Boston

Mayor's Mural Crew: Creating Masterpieces in the Heart of Boston

For years, Cutillo Playground in Boston's North End was bland and bare.

“When we first got here - what, about four weeks ago - this park looked dead. There was nothing in this park,” said Valencia Louis. The teen is from Dorchester and is part of the Mayor’s Mural Crew. It’s a summer job for this group of roughly 14 Boston High School students, who are paid to paint a mural.

Heidi Schork started the program 27 years ago, initially to clean up the city’s graffiti, but these days, the crew is responsible for some of Boston’s head-turning public works of art.

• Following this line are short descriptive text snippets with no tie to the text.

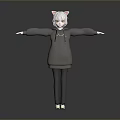 Young Woman With Cat Ears In Gray Hoodie Standing Arms Outstretched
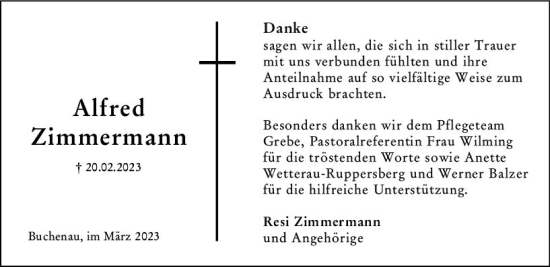 Traueranzeige von Alfred Zimmermann von Hinterländer Anzeiger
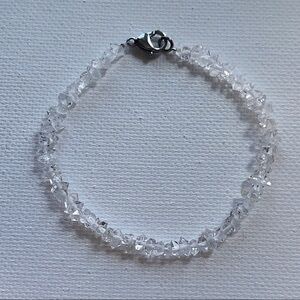 Hand Crafted Genuine Herkimer Diamond Quartz Bracelet!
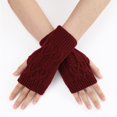 thumbnail image 2 of Ladies Warm Knit Fingerless Gloves Convertible Mittens Fashion Flowers, 2 of 6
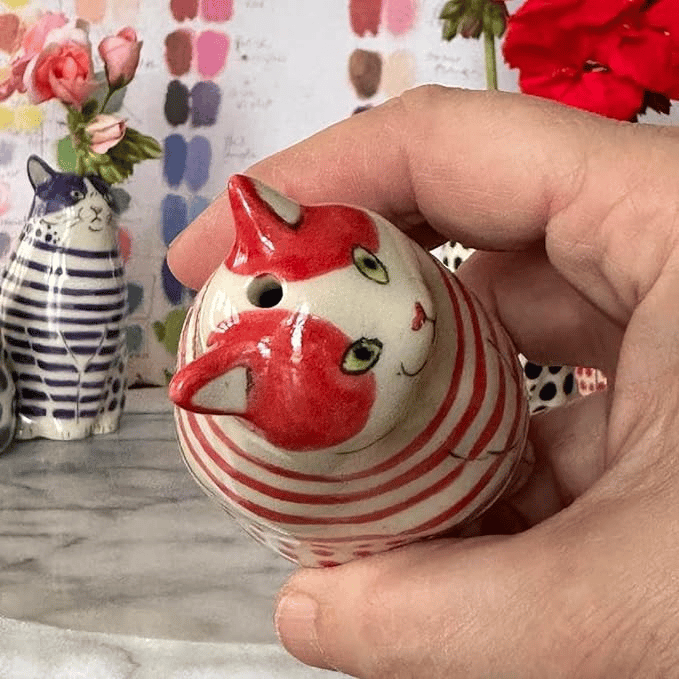 CatCraze - Colección de Jarrones con Gatos Pintados a Mano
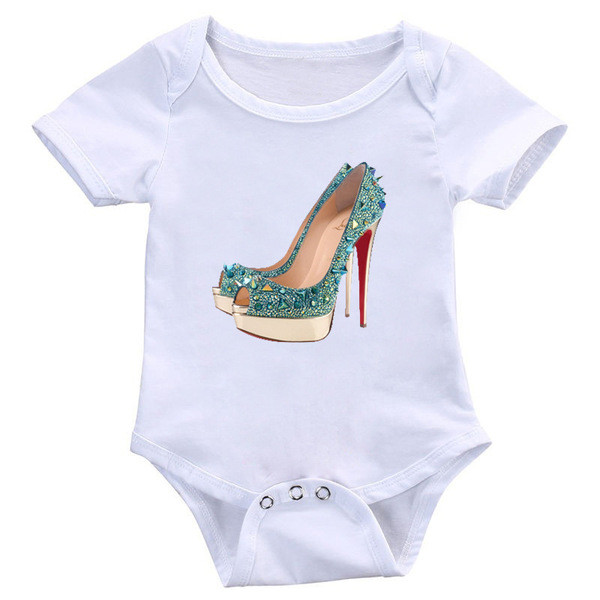 Modernus kūdikių bodis mergaitėms trumpomis rankovėmis ir aplikacijomis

Lucia de Rosa, who lives on Stillman Street and visits the park daily, was the inspiration for their latest mural in the North End. Schork said she wanted to give de Rosa a little bit of Avellino, Italy here in Boston.

“There’s a certain level of nostalgia for home when you’re from somewhere else. I wanted her to open up her window and look out and see her village,” Schork said.

The teens started painting July 9. They finished one side of the park and are now focused on the wall by the playground. They’re painting poppies, birds, vines and villages.

They said they’ve gotten used to the heat and are unfazed by the paint that is seemingly permanent on their fingers. And they’ve been learning life lessons only a mural can teach you.

“When you look up close, it’s different from the bigger picture. You have to look back once in a while,” said Taylor Billy, a Jamaica Plain teen who’s been with the program for three years.

She’s off to college in the fall and said working with this group has taught her so much about life and how collaboration can create collective beauty.

“I think it’s kinda cool you’re part of something that made the community a better place,” Taylor said.